How to operate variable number of inputs with variable length

hi, I have this data where for each sample there is a image list [img1, img2, img3, …]. For each image, the shape is different, and for each sample the number of images also varies.

I could come up with some conv net where different sized image could be reduce to a fix length representation (by adaptive pooling). But the only solution for number of images i can think of is just sample them to be the same.

Could anyone give me some idea that uses some neural network instead of sampling to deal with this issue?

1 Like

A few approaches that are often used would be to crop the image, by clipping off extraneous parts or resizing an image by squeezing or extending the sides.
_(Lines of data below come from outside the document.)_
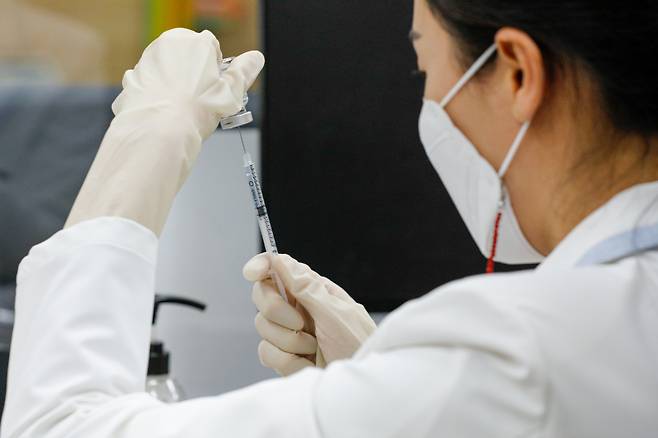 5월3일 서울 용산구보건소에서 의료진이 아스트라제네카(AZ) 백신 접종을 준비하고 있다. ⓒ연합뉴스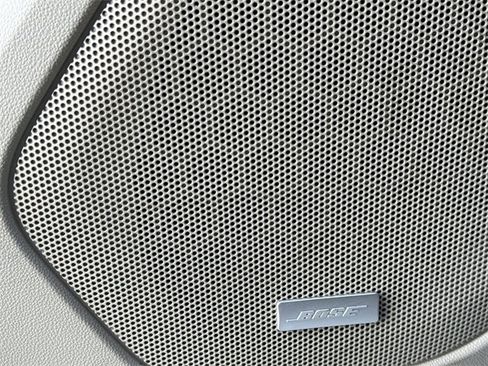 Certified 2017 GMC Acadia Denali w/ Technology Package image 25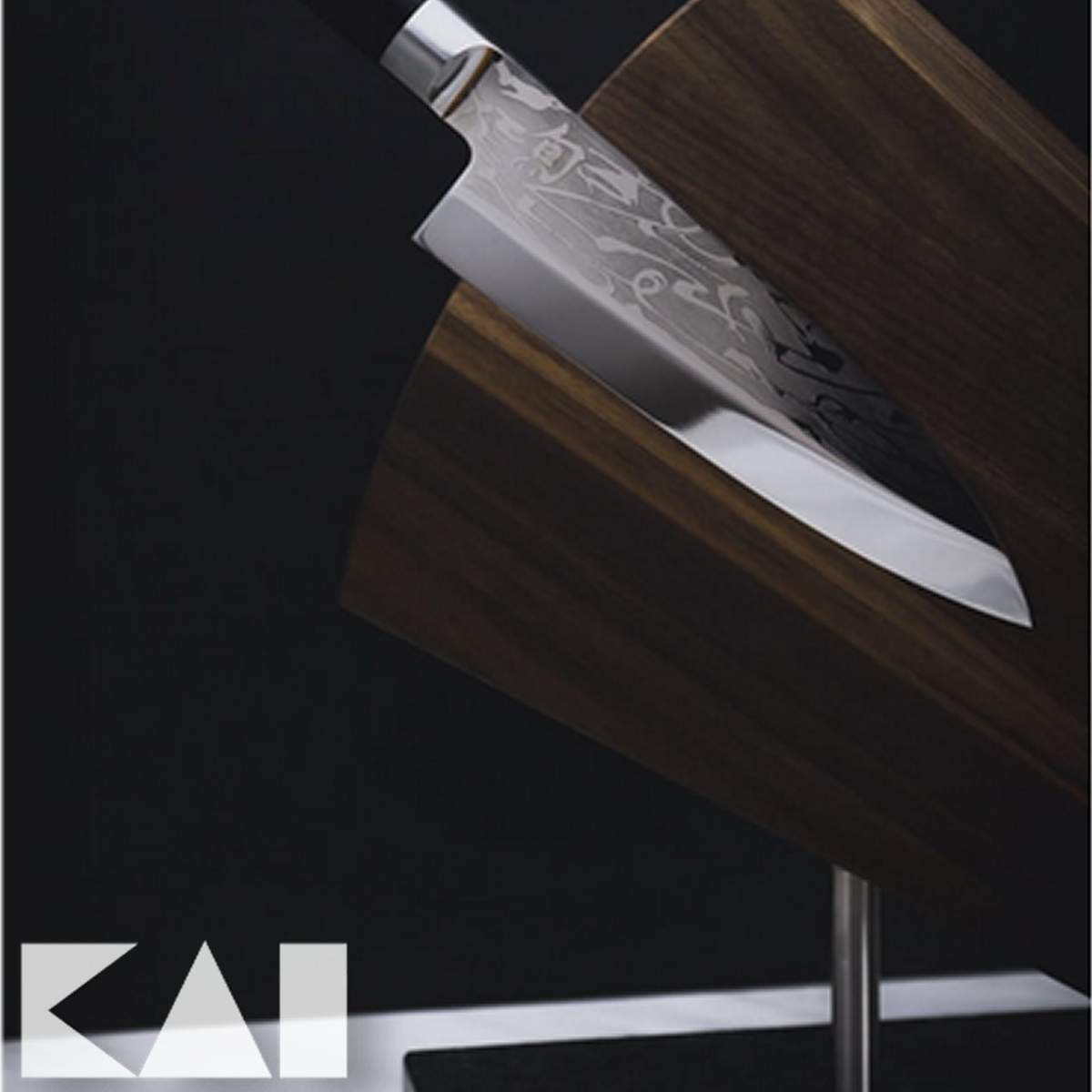 Ceppo portacoltelli girevole in Noce Kai DM-0799 - immagine 4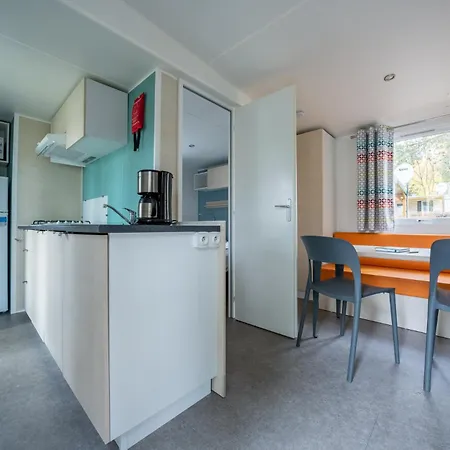 Hu Birkelt Village ラロシェット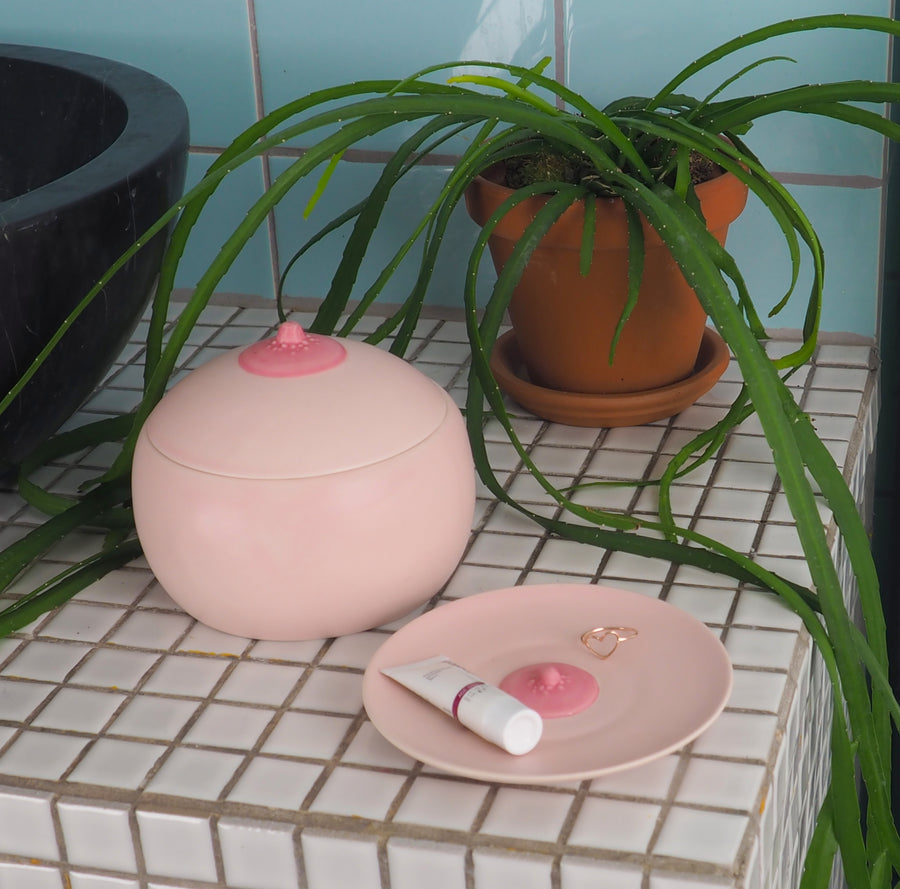 plant pot boobs Boob Pot with Lid – BITTEN BV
It would often be best to choose a size that would work best for the output. Other, more interesting approaches, would be to take glances of the image using an RNN, which would allow you to make the input any size [1, 2, 3]. A more naive approach would be to add 0 padding to all of the extra space in the image; however, this would take up a lot of memory.

Thank you for your reply! it is very useful to see that so many method can be done on variable size images. However, I still have the issue that within each sample I get variable number of images. So I can crop/resize or do some fancy stuff to make each image same size, I still can not make the number of images per sample the same.

:slight_smile:. Not entirely sure I understand what you mean. I assume your NN/CNN inputs a single image, like what is shown in the following graphic. Of course, this operation can be parallelized, but this is the general structure.

But I’m confused what you mean by making the number of samples the same. Are you using samples to refer to the number of images per mini-batch, the number of images per training set, or something along those lines?

hi, what i meant is that my data is like sample -> target, where each sample is a series of images. So in this case we are not predicting one target for one image, but one target for a series of images.

haha. I think @yolle103 is referring to something like training on “videos”. Each video is of a different duration and so different number of frames or “images” and he predicts one output for one video input. @yolle103, you could look at some approaches in lip reading research or similar “video” to target problems.

As an approach that I think is okay to start off with: You resize your “images” to fit a certain fixed shape and then sort your “videos” from shortest to longest. After this, pad the ends of the “video” training examples to the largest in the batch. Due to the sorting, this then would not be too much of an extra compute for your GPU. Your maximum video length per batch, though, will be different. For this, after passing it through a initial CNN feature extractor, you must use a sequence modelling model, like an RNN: GRU, LSTM. Now you have a nice, fixed size, output for each “video” to further train using!

[Of course, there are drawbacks to this “sorting” trick, for example, remember to set shuffling of your data to False everywhere to avoid massive compute overheads. A way to overcome this as a drawback is to call it “curriculum learning” and pass it off as helping your model to converge faster :wink:]

As an example: Videos have been sorted from smallest to largest. Each frame has been reshaped to size 3x80x80 (3channels). batch size is 4 and video 1, video 2, video 3, video 4 are in one batch and are of sizes. 24x3x80x80, 26x3x80x80, 28x3x80x80, 29x3x80x80. Add zero frames of size 3x80x80 to video 1, 2 and 3 and so you get a batch to train of final size 4x29x3x80x80. Then use CNNs and finally RNNs because this number “29” will vary across your batches.


yeah, great! This is exactly what I need, thanks!